Within the entries below, output exactly the lines between the line containing "[MX6574] CANDADO PHILLIPS C/LLAVE TSA NEGRO" and the line containing "Colorful watercolor rainbow", inclusive, and omit any picture.
━━━━━ RECORDS SUPPLIED ━━━━━
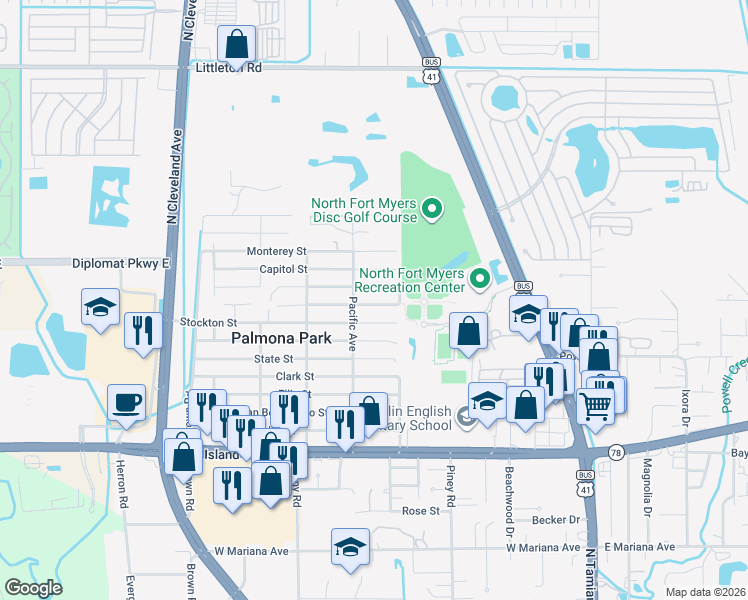 map of restaurants, bars, coffee shops, grocery stores, and more near 246 San Diego Street in North Fort Myers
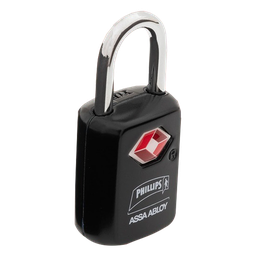 [MX6574] CANDADO PHILLIPS C/LLAVE TSA NEGRO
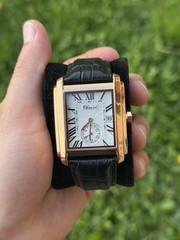 Men’s Dress Watch Luxury Gold Rose Style Leather Strap Quartz Movement With Box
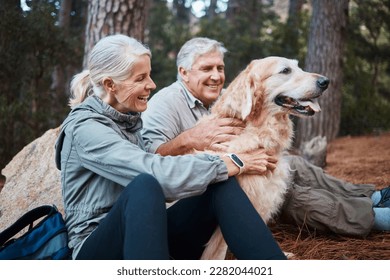 Senior couple, hiking and dog outdoor in nature for exercise, fitness and trekking for health and wellness. Old man, woman and golden retriever pet on hike in forest for workout, cardio and happiness - Powered by Shutterstock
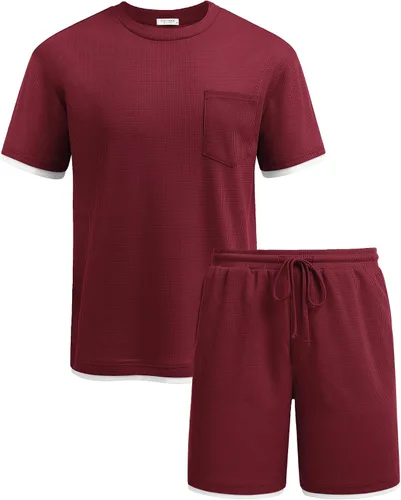 Vista 50 de COOFANDY Conjunto de camisa y pantalones cortos de gofre para hombre, conjunto de 2 piezas, conjunto casual de verano con bolsillos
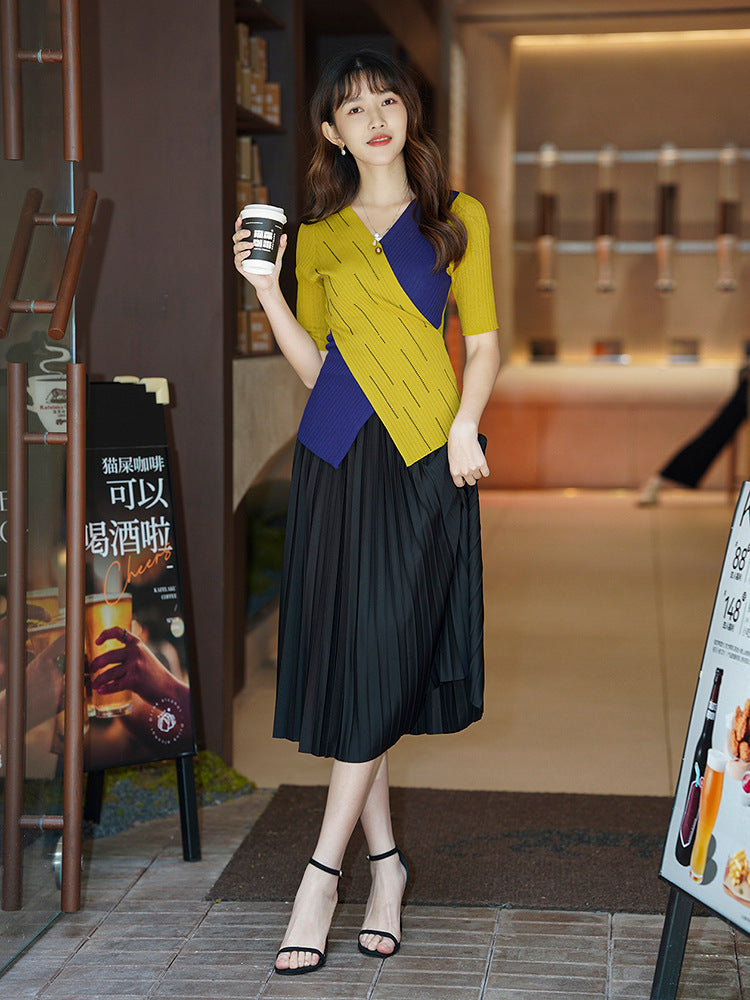 Solid Pleated Skirt for Women | Tajstylo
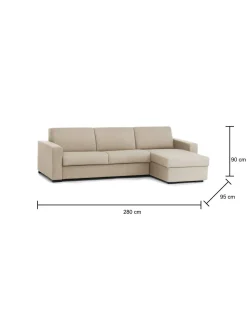 Divano letto con penisola Aika, Cm 280x95h90,<Dmora New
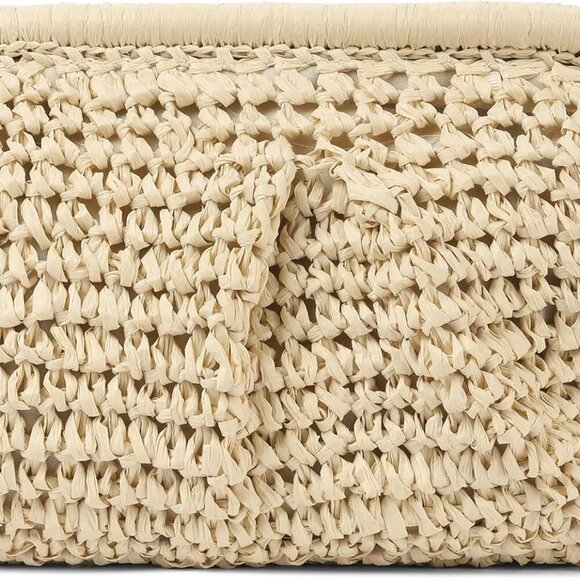 Accessories - Women Straw Clutch Purse Faux Straw Small Woven Shoulder Bag Beach Party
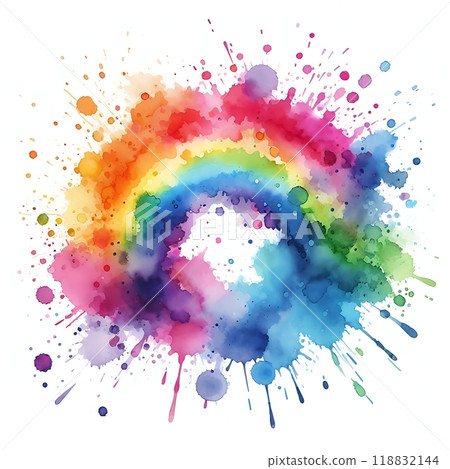 Colorful watercolor rainbow with vibrant splashes on white background. Abstract artistic design for creative projects, prints, and digital art 118832144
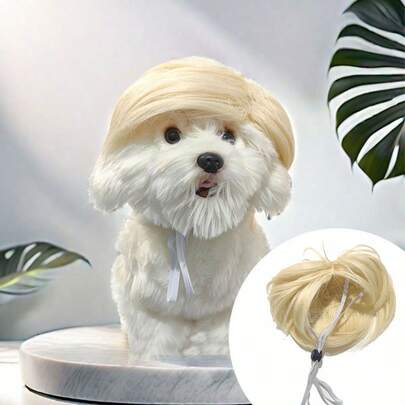 1 Pc-Funny Golden Pet Wig For Cats & Dogs, Universal Fit For Halloween Party, Perfect Accessory For Festive Fun, Unique Costume Item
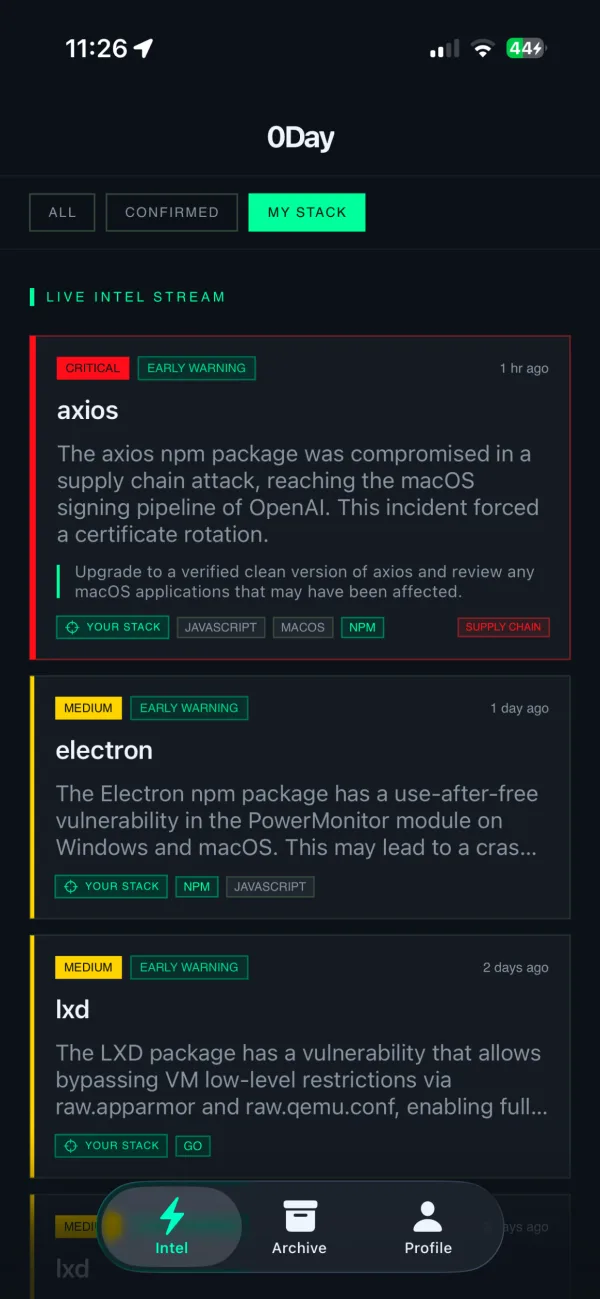0Day iOS app: live threat intel stream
━━━━━
ANSWER FOR THE TASK =>
 [MX6574] CANDADO PHILLIPS C/LLAVE TSA NEGRO
 Men’s Dress Watch Luxury Gold Rose Style Leather Strap Quartz Movement With Box
 Senior couple, hiking and dog outdoor in nature for exercise, fitness and trekking for health and wellness. Old man, woman and golden retriever pet on hike in forest for workout, cardio and happiness - Powered by Shutterstock
 Vista 50 de COOFANDY Conjunto de camisa y pantalones cortos de gofre para hombre, conjunto de 2 piezas, conjunto casual de verano con bolsillos
 Solid Pleated Skirt for Women | Tajstylo
 Divano letto con penisola Aika, Cm 280x95h90,<Dmora New
 Accessories - Women Straw Clutch Purse Faux Straw Small Woven Shoulder Bag Beach Party
 Colorful watercolor rainbow with vibrant splashes on white background. Abstract artistic design for creative projects, prints, and digital art 118832144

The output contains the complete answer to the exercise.